* [RAW DATA]

----------

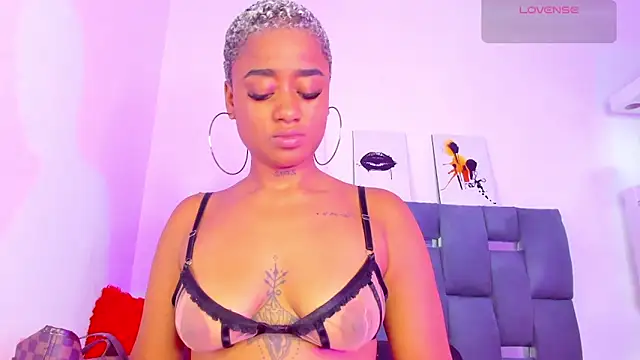 AgathaBladde online show from May 24, 2:44 am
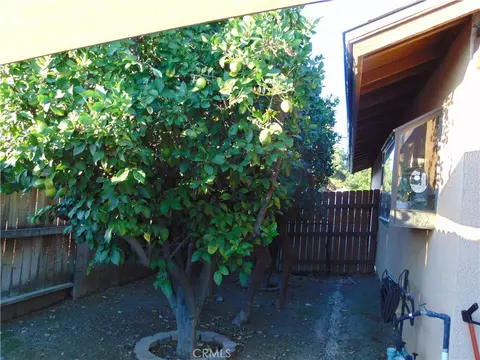 Exterior - 33763 Noreen, Yucaipa, CA 92399 photo 23 of 37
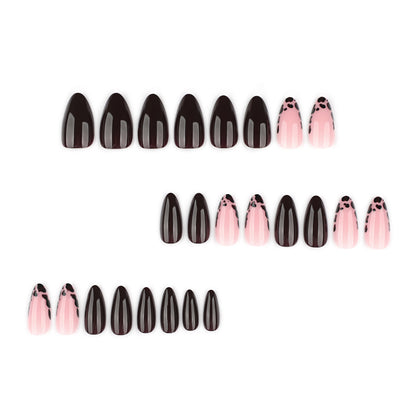Kunstvolle Stiletto-Nägel mit elegantem Design und glänzendem Finish Brehn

----------

* [PROBLEM DESCRIPTION] Pictures aside, return all of the material exactly as written.

* [SOLUTION]
 AgathaBladde online show from May 24, 2:44 am
 Exterior - 33763 Noreen, Yucaipa, CA 92399 photo 23 of 37
Kunstvolle Stiletto-Nägel mit elegantem Design und glänzendem Finish Brehn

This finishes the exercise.